Torniamo alle cave. Scendiamoci in mezzo, ai mostri di marmo. Ai sepolcri dei titani. Agli immondi panettoni minerali. Dicono le bussole che Michelangelo scegliesse personalmente i blocchi di marmo; nelle cave di Carrara si guardava intorno e, in mezzo alle forme grezze, vedeva già Laocoonte e i suoi figli assaliti dalle serpi marine (per poi forse seppellirli e rivenderli, mostruoso e geniale storyteller bugiardo. Forse, eh). Ciò che è certo è che tu e io, in una cava, non distinguiamo nemmeno il travertino romano dal travertino noce – o perlomeno questa è una delle cose che ho imparato, tra le altre, nella gita al Domitillaverse.
Sarà che la parola è tutt’altra materia, meno pietra e più polpa; sarà che tu e io non siamo precisamente geni immortali, diciamocelo; ma abbiamo in comune una cosa, tu, io e Michelangelo. Senza strumenti – senza scalpello – la forma a cui tendiamo non emergerebbe mai dal blocco.

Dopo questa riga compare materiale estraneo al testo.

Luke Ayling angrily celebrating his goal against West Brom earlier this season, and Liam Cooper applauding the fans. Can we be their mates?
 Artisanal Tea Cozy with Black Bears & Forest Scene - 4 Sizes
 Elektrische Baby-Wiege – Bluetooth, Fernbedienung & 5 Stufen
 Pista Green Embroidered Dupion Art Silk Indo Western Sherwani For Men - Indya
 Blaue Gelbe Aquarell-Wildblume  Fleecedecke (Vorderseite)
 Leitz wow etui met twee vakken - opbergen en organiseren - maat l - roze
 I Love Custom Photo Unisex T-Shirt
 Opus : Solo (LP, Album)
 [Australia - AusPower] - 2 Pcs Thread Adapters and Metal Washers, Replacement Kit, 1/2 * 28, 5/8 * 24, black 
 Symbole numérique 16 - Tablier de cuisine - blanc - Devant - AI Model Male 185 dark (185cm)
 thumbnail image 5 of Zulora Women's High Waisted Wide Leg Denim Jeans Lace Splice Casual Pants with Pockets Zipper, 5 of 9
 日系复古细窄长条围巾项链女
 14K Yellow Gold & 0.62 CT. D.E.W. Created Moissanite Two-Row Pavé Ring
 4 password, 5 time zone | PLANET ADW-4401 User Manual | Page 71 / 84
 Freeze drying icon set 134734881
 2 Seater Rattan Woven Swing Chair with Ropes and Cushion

Scrittura è sottrazione. Questa è la bussola.
Vomiti sulla pagina la secchiata di futuri detriti, cerchi uno scalpello, scheggi e scrolli via tutto ciò che non è, conservi quel che resta.
Almeno, per me funziona così.
E al popolo?!
L’INCONTRO PENNIVENDOLO – PER TE CHE LEGGI, SCRIVI (e a volte fai pure di conto)
Al popolo, si diceva, frega… il giusto, di come funziono io. A me stessa frega il giusto – non molto, cioè. L’obiettivo altissimo mio, nella vita, è sempre fare come Homer che rientra nel cespuglio, come ognun sa.
Nella risemantizzazione del meme, la mia, fare come Homer significa levarsi di turno e fare spazio ad altre voci.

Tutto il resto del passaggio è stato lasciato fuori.